What you need to do: Could you please write out each line of the records exactly, minus the pictures?

Top of Record excerpts

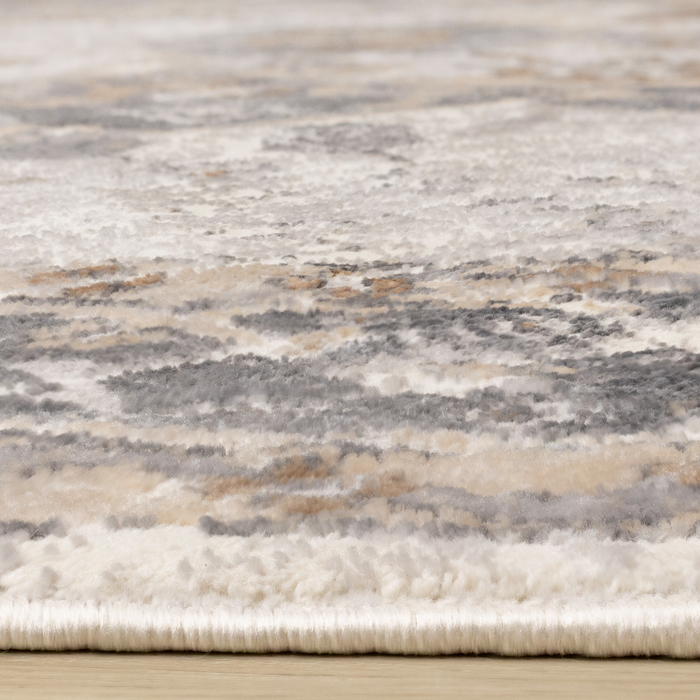Carpette ronde Blanche multicolore - 7 pi x 7 pi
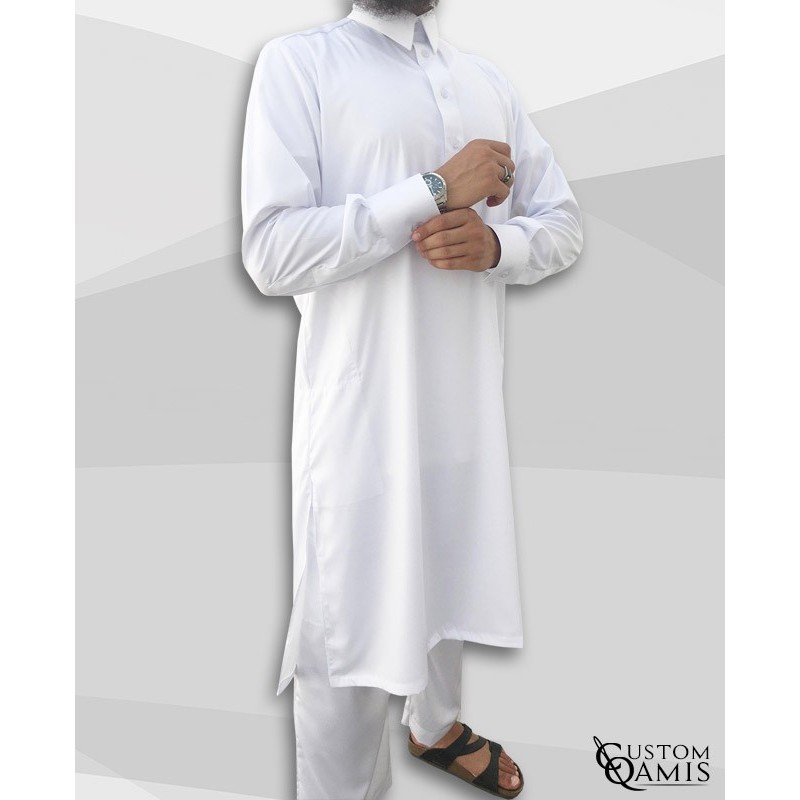 Ensemble Pakistannais Blanc col Qatari avec serwel coupe droite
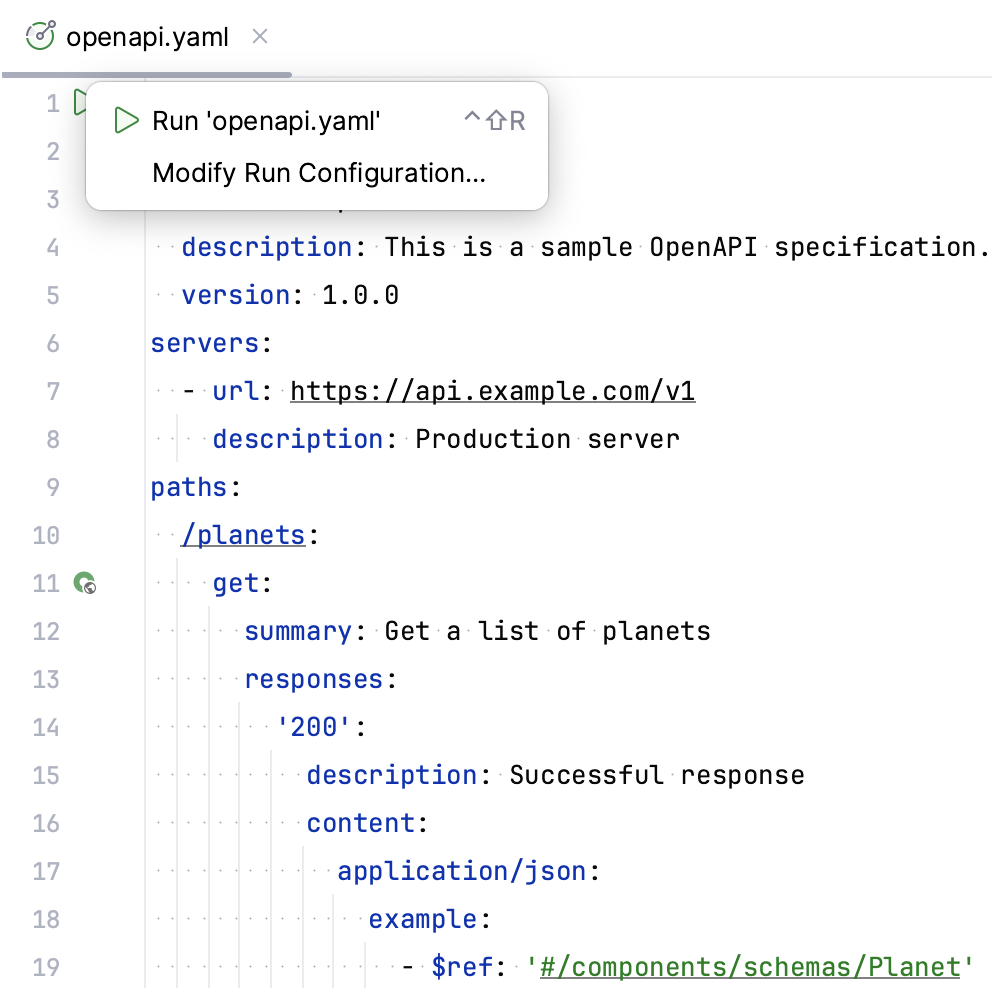 Generate code based on the OpenAPI specification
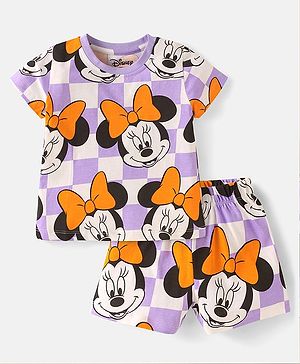 Babyhug Disney Single Jersey Knit Half Sleeves Shorts Night Suit With Minnie Mouse Print - White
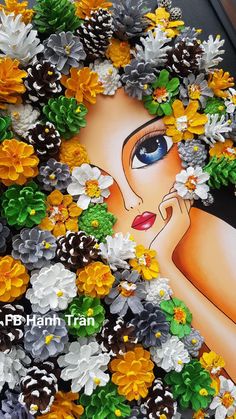 a painting of a woman surrounded by pine cones and flowers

Bottom of Record excerpts

Final answer:
Carpette ronde Blanche multicolore - 7 pi x 7 pi
 Ensemble Pakistannais Blanc col Qatari avec serwel coupe droite
 Generate code based on the OpenAPI specification
 Babyhug Disney Single Jersey Knit Half Sleeves Shorts Night Suit With Minnie Mouse Print - White
 a painting of a woman surrounded by pine cones and flowers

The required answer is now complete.